External declarations
When you build your program, the compiler scans all of the source files in your project for symbol names before it does anything else. This means that you can define a function or an object in one source file, and freely refer to it from another source file; and similarly, you can freely refer to functions and objects that are not defined until later in the same source file. The compiler's pre-scan of the entire source ensures that it knows how symbols are used throughout the program. This eliminates most of the "external" and "forward" declaration overhead that many other programming languages force you to use.
In a few rare cases, though, you might actually need to explicitly define external symbols.

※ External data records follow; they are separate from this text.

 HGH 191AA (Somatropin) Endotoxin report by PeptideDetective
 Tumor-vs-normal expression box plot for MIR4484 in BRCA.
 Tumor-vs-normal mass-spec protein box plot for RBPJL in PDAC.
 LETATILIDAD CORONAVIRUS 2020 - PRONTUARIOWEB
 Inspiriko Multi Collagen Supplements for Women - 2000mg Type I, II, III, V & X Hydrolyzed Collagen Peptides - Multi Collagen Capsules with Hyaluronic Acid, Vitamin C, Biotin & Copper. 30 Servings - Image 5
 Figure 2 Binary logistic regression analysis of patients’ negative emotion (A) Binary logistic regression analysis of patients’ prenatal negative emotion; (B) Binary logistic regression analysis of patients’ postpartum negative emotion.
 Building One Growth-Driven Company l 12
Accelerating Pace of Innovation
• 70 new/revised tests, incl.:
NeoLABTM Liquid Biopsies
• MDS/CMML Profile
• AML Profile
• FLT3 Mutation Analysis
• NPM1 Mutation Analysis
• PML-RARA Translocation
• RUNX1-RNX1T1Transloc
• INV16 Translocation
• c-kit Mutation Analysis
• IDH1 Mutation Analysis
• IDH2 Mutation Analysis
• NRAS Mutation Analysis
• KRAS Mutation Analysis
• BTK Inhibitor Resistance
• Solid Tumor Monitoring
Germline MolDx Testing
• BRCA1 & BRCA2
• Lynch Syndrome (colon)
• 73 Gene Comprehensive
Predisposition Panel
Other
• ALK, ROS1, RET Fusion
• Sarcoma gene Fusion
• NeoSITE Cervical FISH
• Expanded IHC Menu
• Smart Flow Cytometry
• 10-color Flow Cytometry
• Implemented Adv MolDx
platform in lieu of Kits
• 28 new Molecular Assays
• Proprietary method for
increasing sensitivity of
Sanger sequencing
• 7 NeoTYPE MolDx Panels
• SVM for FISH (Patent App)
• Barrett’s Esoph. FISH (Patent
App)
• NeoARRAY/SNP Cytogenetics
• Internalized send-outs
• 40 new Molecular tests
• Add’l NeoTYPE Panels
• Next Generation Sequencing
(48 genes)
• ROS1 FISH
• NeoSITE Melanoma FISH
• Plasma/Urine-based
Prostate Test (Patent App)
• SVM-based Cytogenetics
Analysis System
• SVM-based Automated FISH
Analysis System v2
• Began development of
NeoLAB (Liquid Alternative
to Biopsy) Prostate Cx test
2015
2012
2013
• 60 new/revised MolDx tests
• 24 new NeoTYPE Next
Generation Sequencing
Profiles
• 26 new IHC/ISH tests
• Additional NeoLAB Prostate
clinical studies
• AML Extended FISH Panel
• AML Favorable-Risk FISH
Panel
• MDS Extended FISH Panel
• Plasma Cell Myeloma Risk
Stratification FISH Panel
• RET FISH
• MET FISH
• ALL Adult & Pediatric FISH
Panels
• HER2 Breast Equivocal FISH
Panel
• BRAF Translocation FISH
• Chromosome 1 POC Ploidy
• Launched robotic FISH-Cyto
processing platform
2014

This happens only when you're compiling part of a program in isolation, and won't combine the compiled object files with the rest of the program until later. The most likely situation where this would happen is in creating a library, where you want to distribute the library in compiled form rather than as source files.
To define a function or object as external, you use the extern statement. This statement can be used to define functions, objects, and classes. The syntax is:
extern function functionName ( [ param [ , param ... ] ] ) ; extern object objectName ; extern class className ;
These statements must be placed in "top level" code, outside of all object or function definitions.
Property name declarations
For the most part, the compiler automatically determines the type of each symbol used throughout the program - object name, function name, class name, property name, enum, etc. The compiler recognizes a symbol as a property name when the symbol is used to define a property or method of an object:
class MyClass: object name = 'my class' weight = 10 getOwner() { return owner; } ;
The compiler will automatically infer from this code that name, weight, and getOwner() are property names, since they're used to explicitly define properties and methods of MyClass.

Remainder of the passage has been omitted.